Would you please repeat, word for word, only the lines from the one holding "Audi Q3, снимка" through the one holding "Vine Bloom Trim Bedding Set" in the material below, without the pictures?

> _Data records_
-- -- --
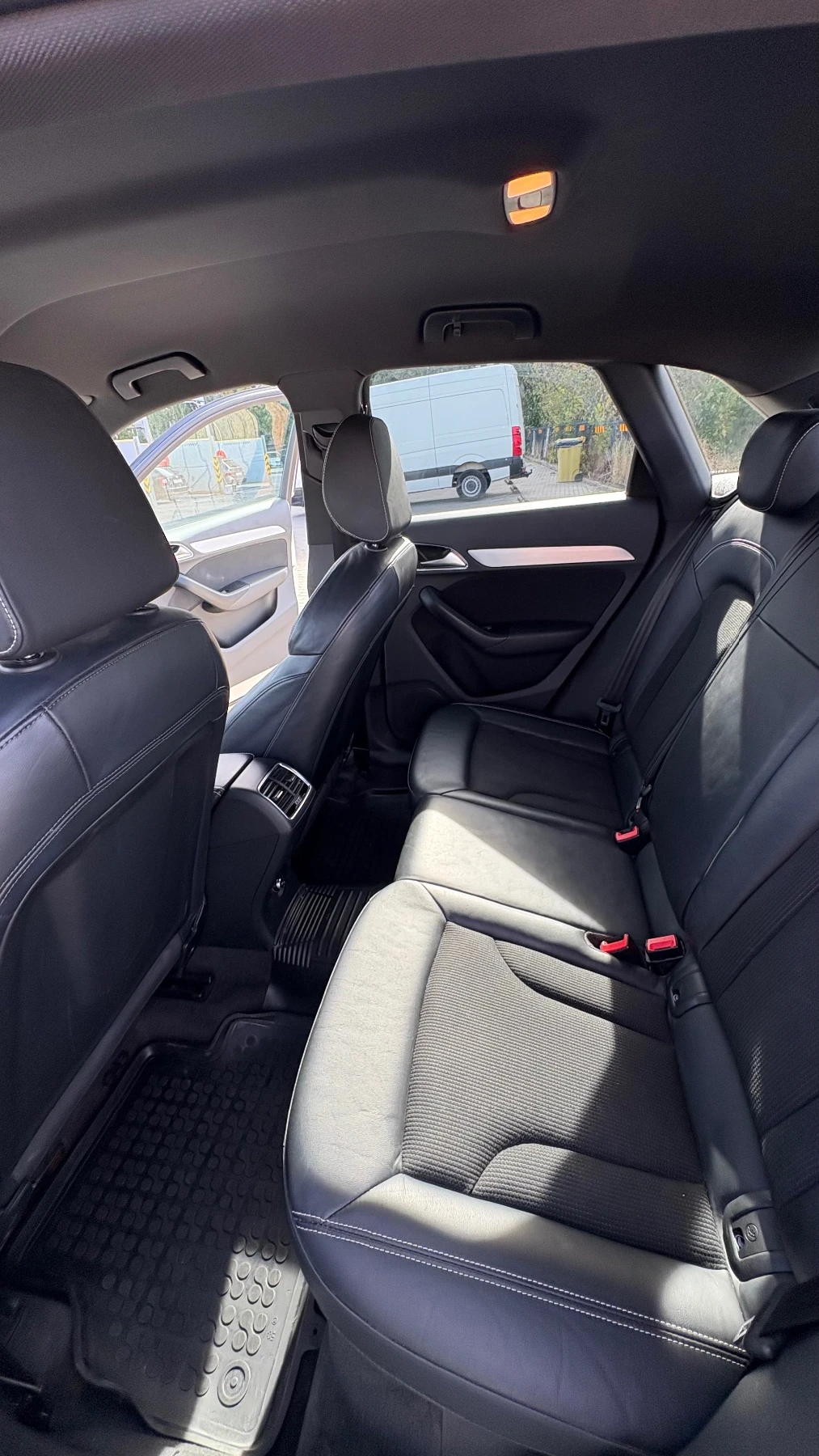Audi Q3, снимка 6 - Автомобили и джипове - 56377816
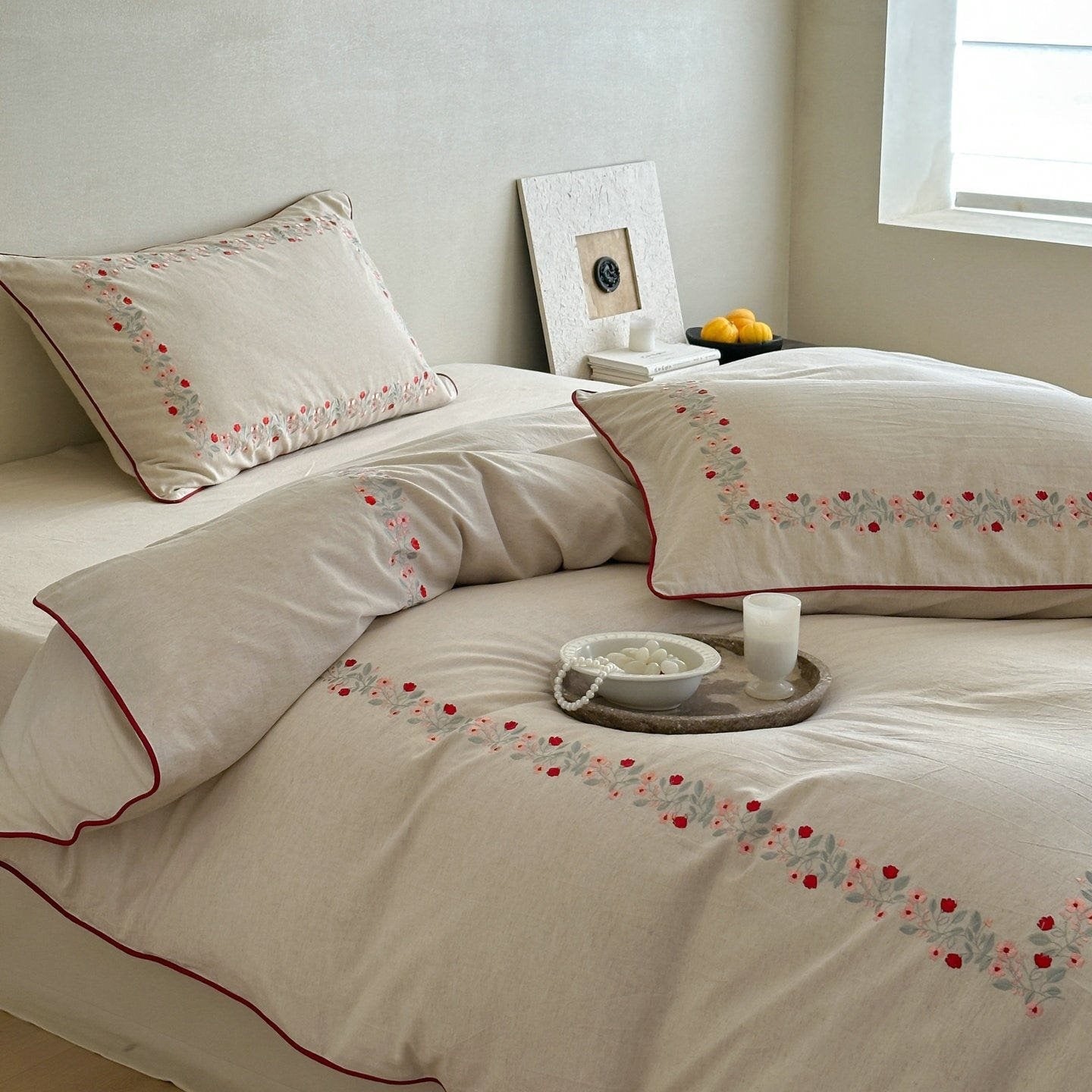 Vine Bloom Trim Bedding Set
-- -- --
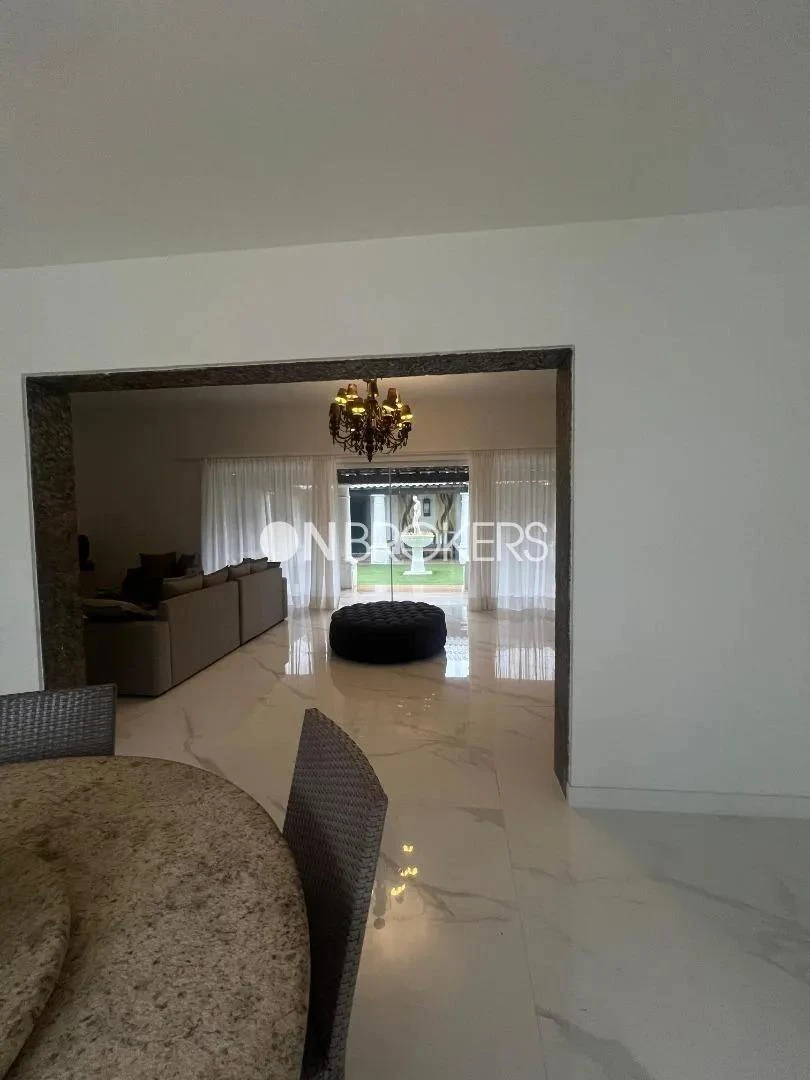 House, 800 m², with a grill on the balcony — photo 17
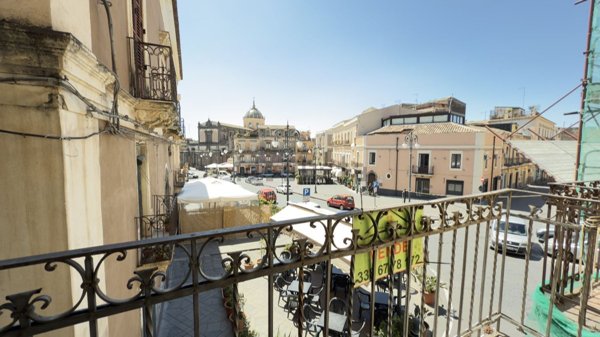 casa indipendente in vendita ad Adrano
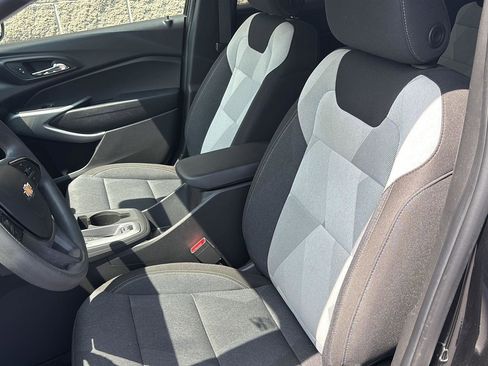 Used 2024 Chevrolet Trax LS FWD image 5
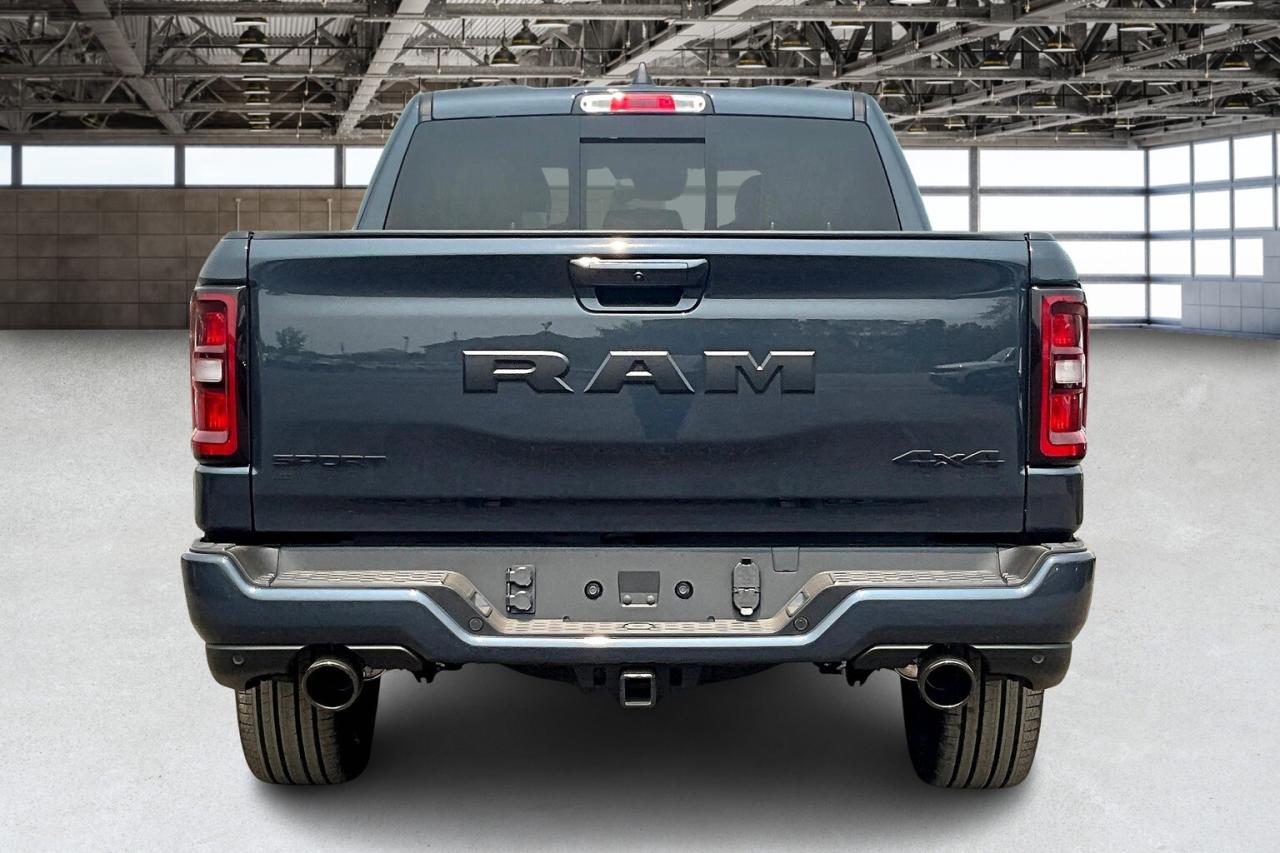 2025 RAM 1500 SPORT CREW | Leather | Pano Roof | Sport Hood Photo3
-- -- --
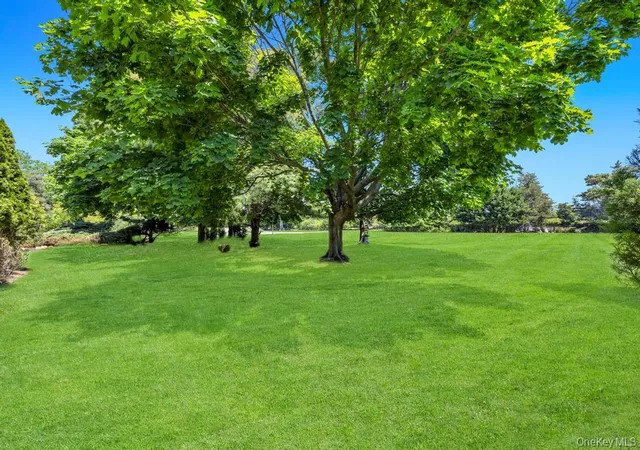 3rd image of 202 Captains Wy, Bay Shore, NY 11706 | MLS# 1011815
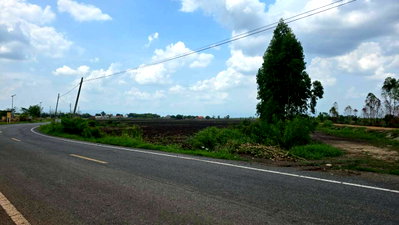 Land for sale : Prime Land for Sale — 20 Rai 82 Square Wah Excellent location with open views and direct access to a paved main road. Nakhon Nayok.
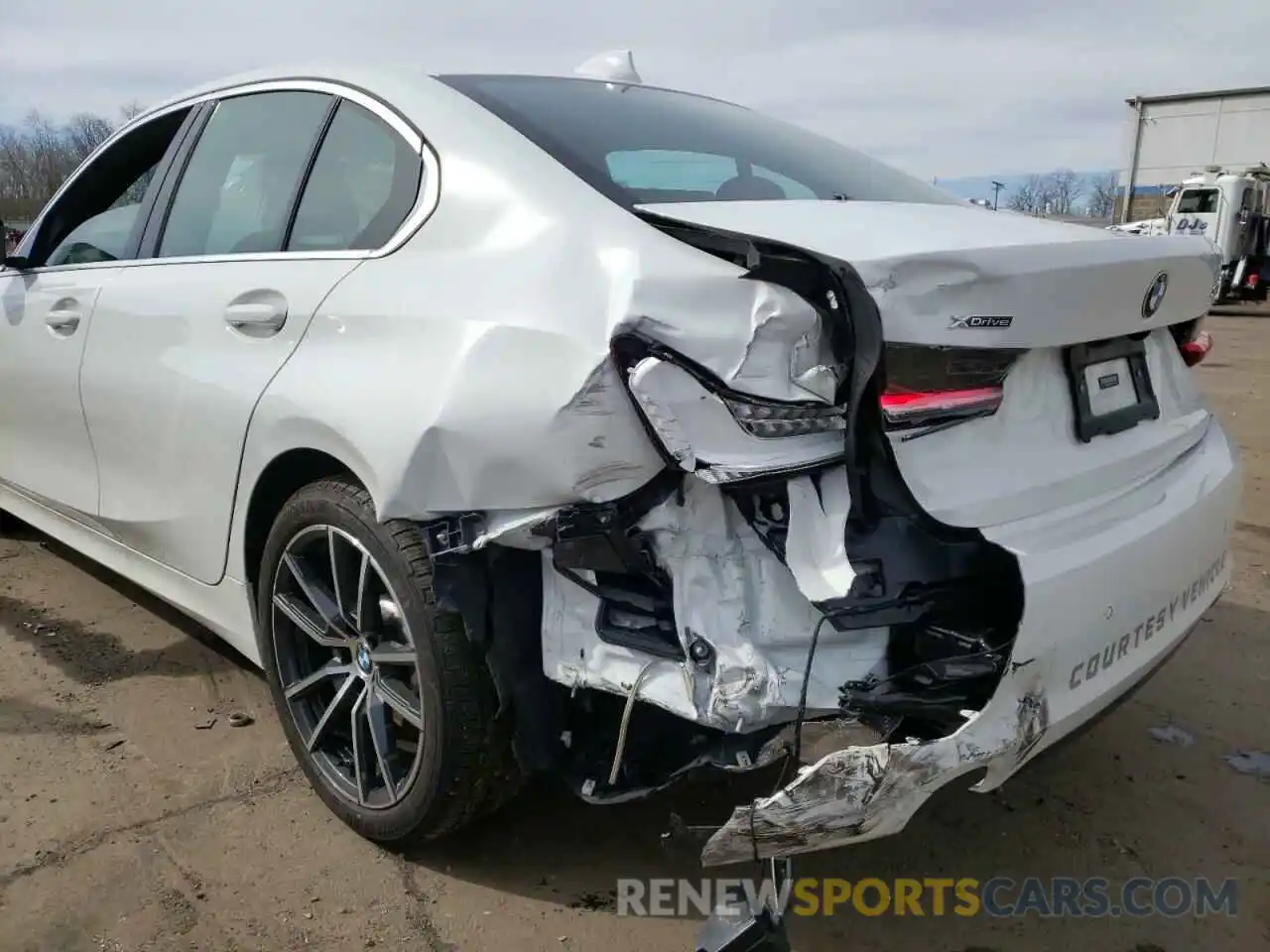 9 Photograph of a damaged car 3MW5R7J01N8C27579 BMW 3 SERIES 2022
-- -- --
> _Result for this exercise_
Audi Q3, снимка 6 - Автомобили и джипове - 56377816
 Vine Bloom Trim Bedding Set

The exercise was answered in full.